_EXERCISE DIRECTIONS_. What you return must be an exact copy of the lines in the listing below between the line holding "Silk Road Cream" and the line holding "hot chocolate gift jars", inclusive, and nothing more.

_LISTED RECORDS_.
*** Block opens ***

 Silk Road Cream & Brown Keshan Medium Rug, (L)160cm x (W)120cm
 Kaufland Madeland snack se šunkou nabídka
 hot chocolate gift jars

*** Block closes ***
*** Block opens ***

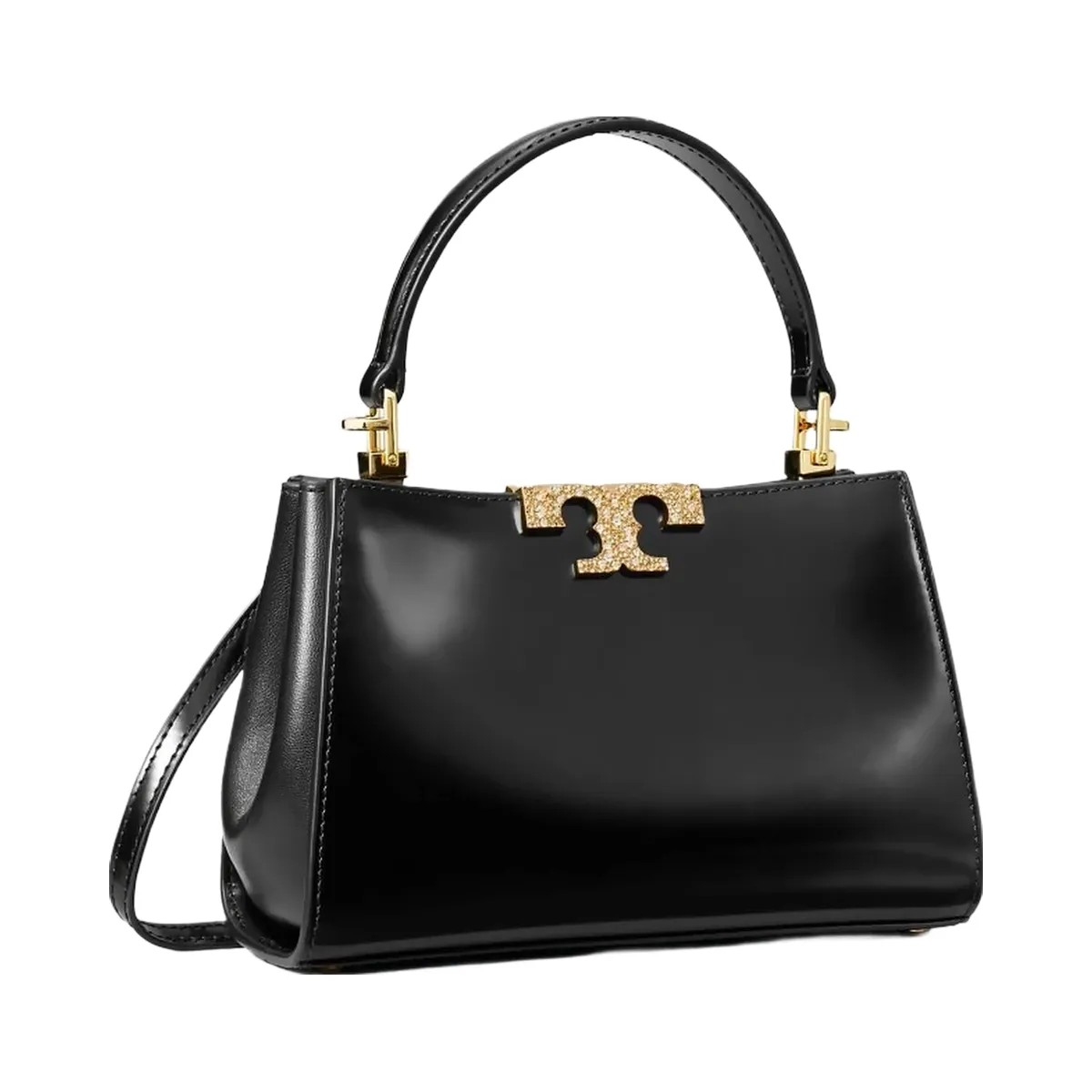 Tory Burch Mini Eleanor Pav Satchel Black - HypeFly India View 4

*** Block closes ***
*** Block opens ***

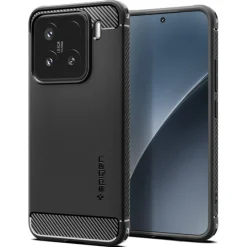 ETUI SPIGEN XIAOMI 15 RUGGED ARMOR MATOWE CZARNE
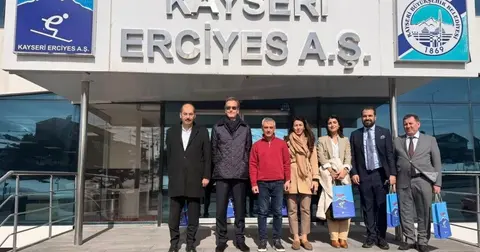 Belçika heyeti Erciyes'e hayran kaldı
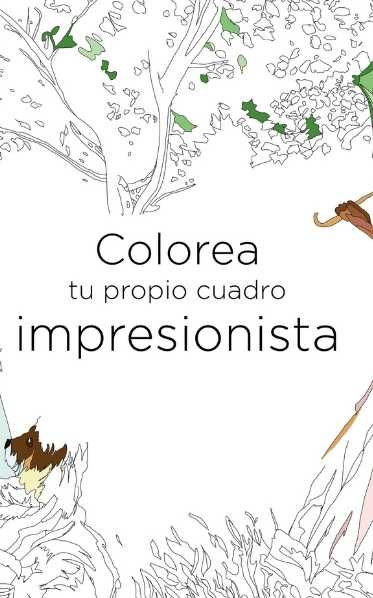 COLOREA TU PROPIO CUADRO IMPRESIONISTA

*** Block closes ***

_TASK RESULT_.
 Silk Road Cream & Brown Keshan Medium Rug, (L)160cm x (W)120cm
 Kaufland Madeland snack se šunkou nabídka
 hot chocolate gift jars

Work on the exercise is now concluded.